The umpires insisted that Rosario was out of the game, and Molitor eventually send Adrianza out to left field to explain it to Rosario and send him in. Even though Polanco was not in the game when it resumed, the umpires allowed him to return to the field, and he took his spot against at shortstop. “They looked at that as a correctable mistake,” Molitor said. Was Belisle then disqualified from a game he never actually entered? “They didn’t clarify that,” Molitor said. “If I needed Belisle, I would have had to go see what his status was, if that was also a correctable mistake.”

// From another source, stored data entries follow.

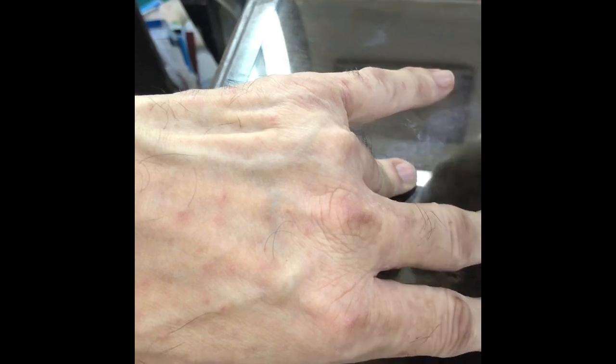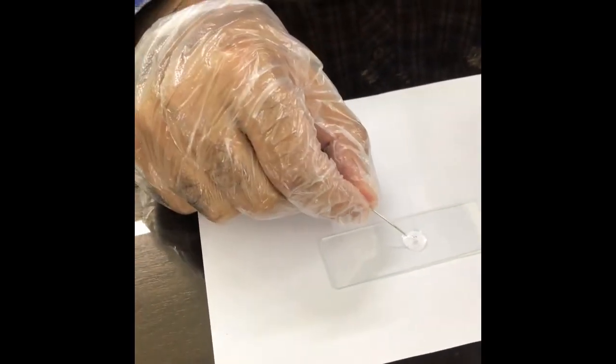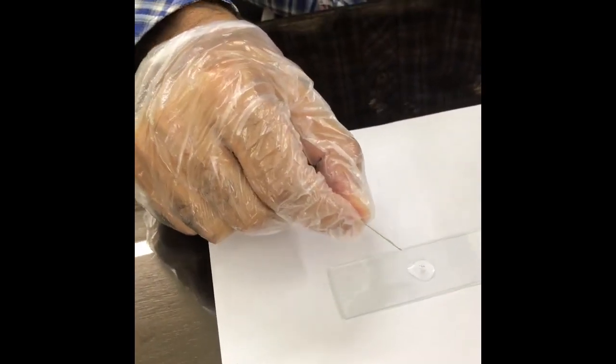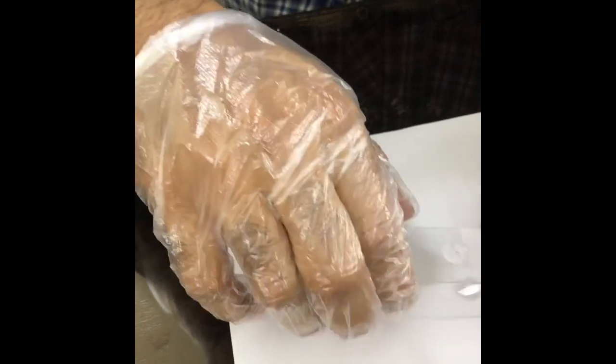Focus towards this side. This mite will come readily in this white soft paraffin — now it's roaming on this liquid paraffin. So we are just going to see it under the microscope.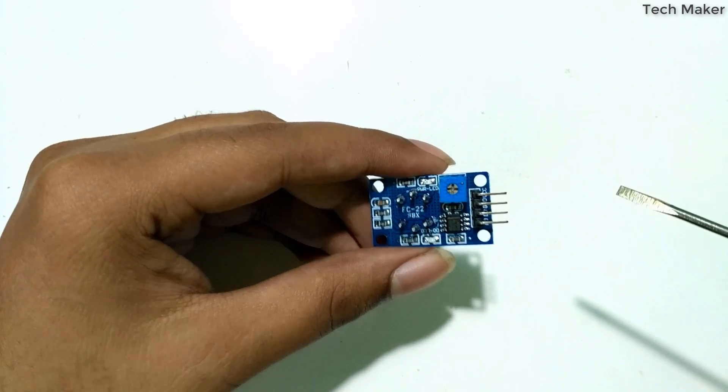Here you can see the four pins: the first one is ground, the second one is VCC, the third one is SDA, and the fourth one is SCL. We will connect the ground and VCC first.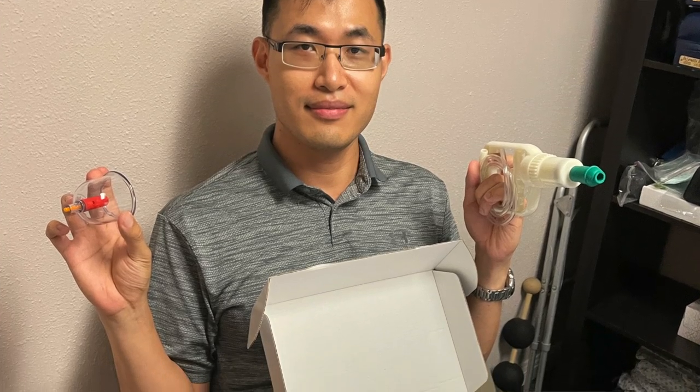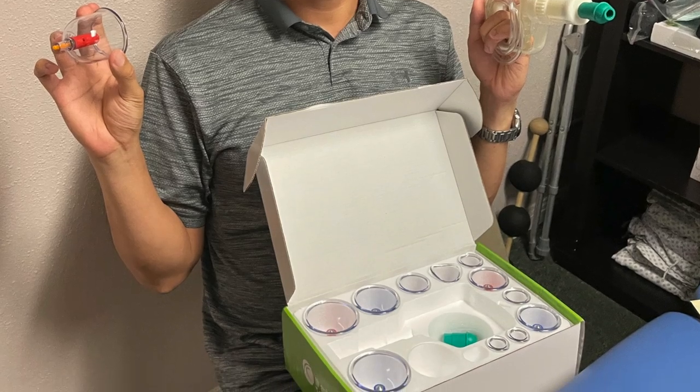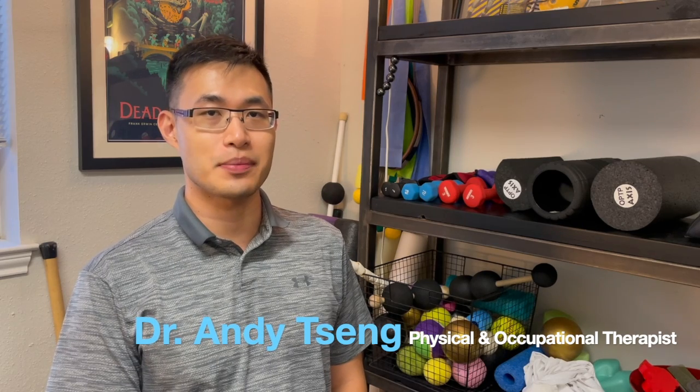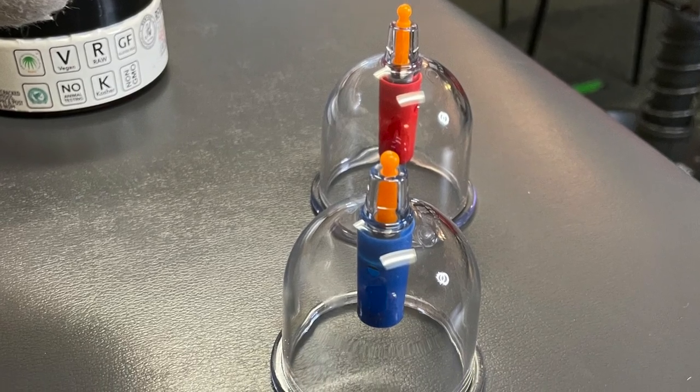So what is cupping and when would you not use cupping? Cupping is a soft tissue technique that is intended to lift up the soft tissue, fascia, and muscle underneath the cup in order to create circulation under the cup.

Even after Molitor gave up on his argument and made the changed insisted upon, Barrett and Welke put on headphones to communicate with MLB’s replay office in New York, a discussion that added another 10 minutes to the delay. Finally, after an 18-minute interruption that had the rapidly thinning Dodger Stadium crowd chanting, “Let’s play baseball!” the game resumed — and Pressly, who warmed up three times while waiting to pitch, surrendered three hits in quick succession to Yasiel Puig, Logan Forsythe and Chris Taylor, the latter two run-scoring hits that extended the Dodgers’ lead and helped drop the Twins below .500 for the first time since they were 10-11 on April 27.
“If something was miscommunciated, that’s my issue,” the manager said. “I told my team, I put them in a bad spot by not making it clear, and we had to play the game out from there.”
Barrett and Welke spoke to a pool reporter after the game and said they understood Molitor wanted Pressly fifth and Adrianza ninth and in left field; there was no discussion of Belisle. They said they simply made Molitor’s lineup comply with the lineup that Barrett had written down, and their discussion with New York was to make certain there was no rule covering such a situation that they had overlooked.
Despite the confusion, Minnesota, now 49-50 on the season, 4 1/2 games behind Cleveland in the AL Central race and three games behind Kansas City for the final wild-card spot, was likely doomed to defeat anyway, given Berrios’ fourth-inning scuffle. The second-year righthander dropped to 9-4 on the year, working his way out of trouble a couple times in the first three innings, but succumbing to a red-hot Dodgers offense in the fourth.
Four of the first five hitters he faced in the fourth smacked base hits, including Joc Pederson’s double off the center field wall. And needing one out to hold the damage at two runs, Berrios surrendered a double into the left field corner to Chris Taylor that scored two runs and put the Dodgers ahead for good. Los Angeles went on to win its 48th consecutive game in which it held a lead at any time.
After a sensational start to his second major league season — he was 7-1 on this date a month ago — Berrios has worn down as his innings have climbed. His ERA over his last six starts is 5.76, and he’s delivered only one quality start in that span.
The Twins took an early lead on a third-inning single by Zack Granite, who wouldn’t have been in the lineup if Byron Buxton wasn’t suffering from migraines that delayed his activation from the disabled list. In the fifth, the Twins put together a two-out rally thanks to a video review; Brian Dozier was called out on a ground ball to short, in which Corey Seager’s throw pulled Cody Bellinger off the bag. The call was revered when Molitor challenged it, and Dozier scored when Joe Mauer and Eduardo Escobar lined back-to-back two-out singles.
That interaction with the umpires paid off. The next one put the Twins at a disadvantage. “I suggested to them that they add microphones to their replay system,” Molitor said ruefully, “and we could check the audio.”